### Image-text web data
▶

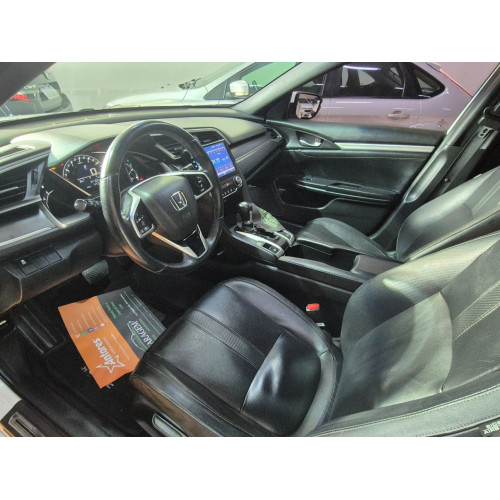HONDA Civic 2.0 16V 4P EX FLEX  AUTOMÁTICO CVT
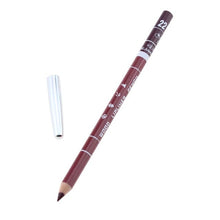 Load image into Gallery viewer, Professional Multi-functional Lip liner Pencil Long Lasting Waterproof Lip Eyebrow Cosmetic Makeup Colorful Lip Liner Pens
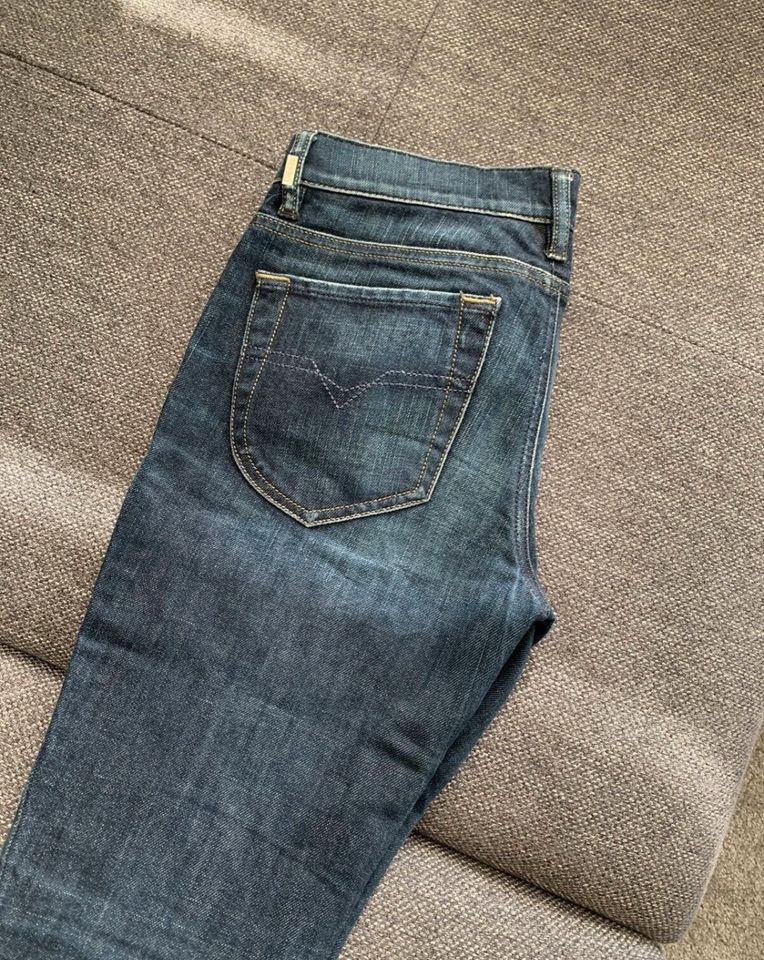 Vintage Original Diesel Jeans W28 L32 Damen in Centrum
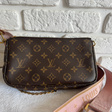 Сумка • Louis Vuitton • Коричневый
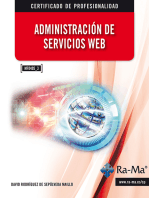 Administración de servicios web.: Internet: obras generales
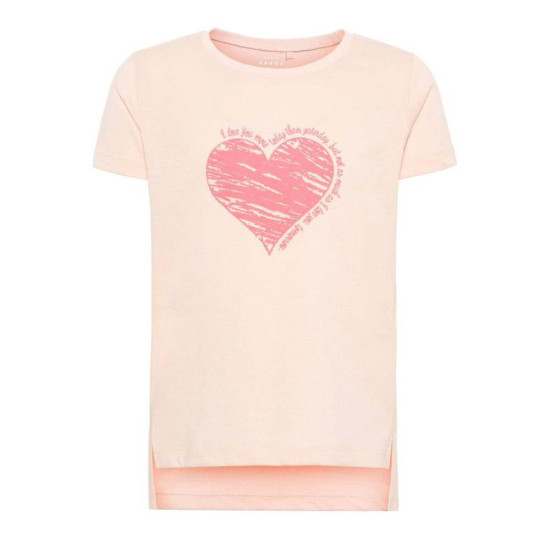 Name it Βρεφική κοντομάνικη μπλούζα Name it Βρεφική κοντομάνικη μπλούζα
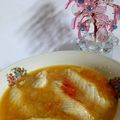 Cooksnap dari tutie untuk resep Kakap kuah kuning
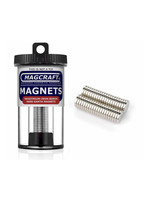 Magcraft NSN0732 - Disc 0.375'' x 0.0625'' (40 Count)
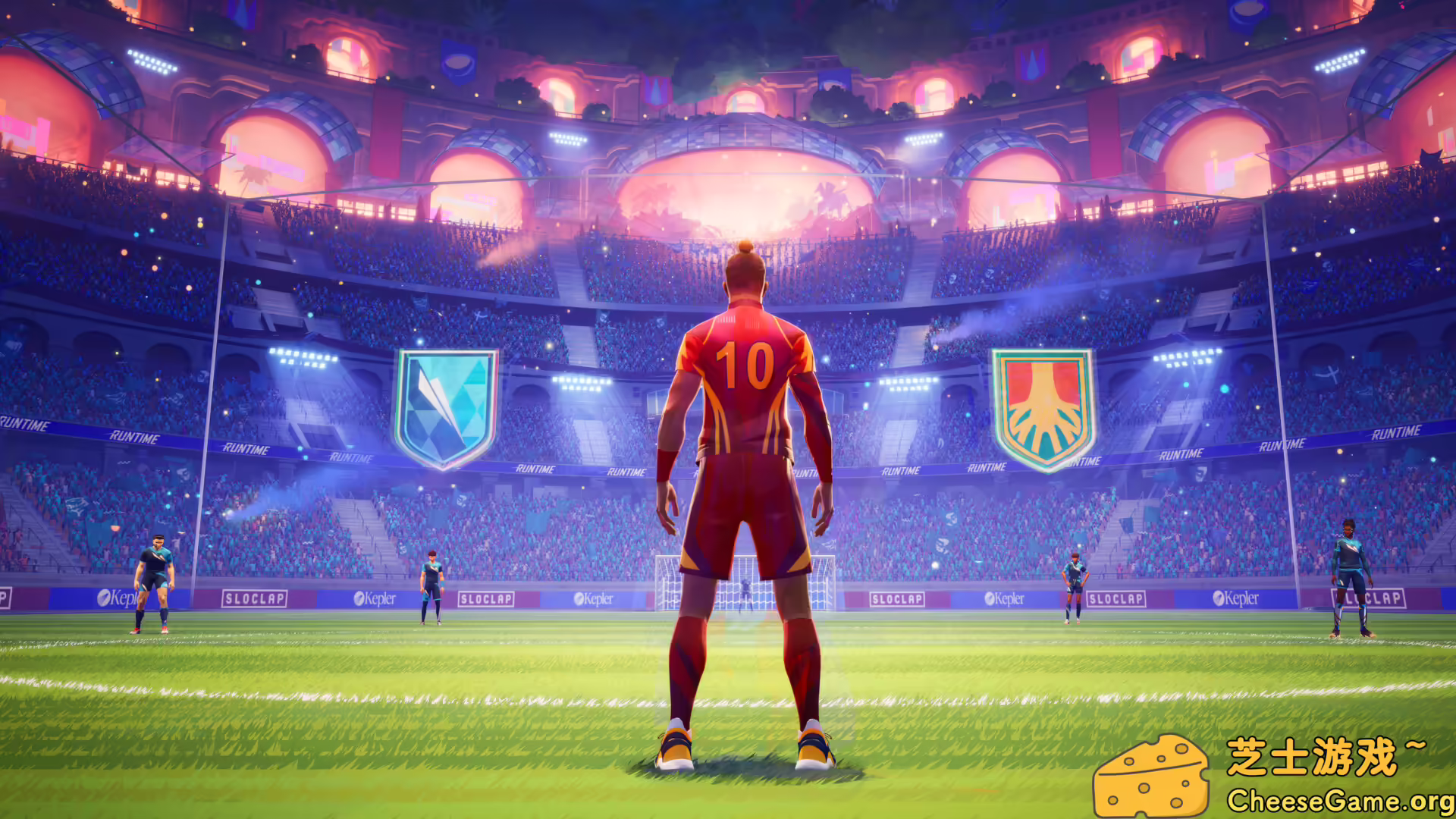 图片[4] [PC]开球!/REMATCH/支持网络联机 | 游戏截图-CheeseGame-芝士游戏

◀

When you set down the records above, copy every line exactly and exclude the pictures.

HONDA Civic 2.0 16V 4P EX FLEX  AUTOMÁTICO CVT
 Load image into Gallery viewer, Professional Multi-functional Lip liner Pencil Long Lasting Waterproof Lip Eyebrow Cosmetic Makeup Colorful Lip Liner Pens
 Vintage Original Diesel Jeans W28 L32 Damen in Centrum
 Сумка • Louis Vuitton • Коричневый
 Administración de servicios web.: Internet: obras generales
 Name it Βρεφική κοντομάνικη μπλούζα Name it Βρεφική κοντομάνικη μπλούζα
 Cooksnap dari tutie untuk resep Kakap kuah kuning
 Magcraft NSN0732 - Disc 0.375'' x 0.0625'' (40 Count)
 图片[4] [PC]开球!/REMATCH/支持网络联机 | 游戏截图-CheeseGame-芝士游戏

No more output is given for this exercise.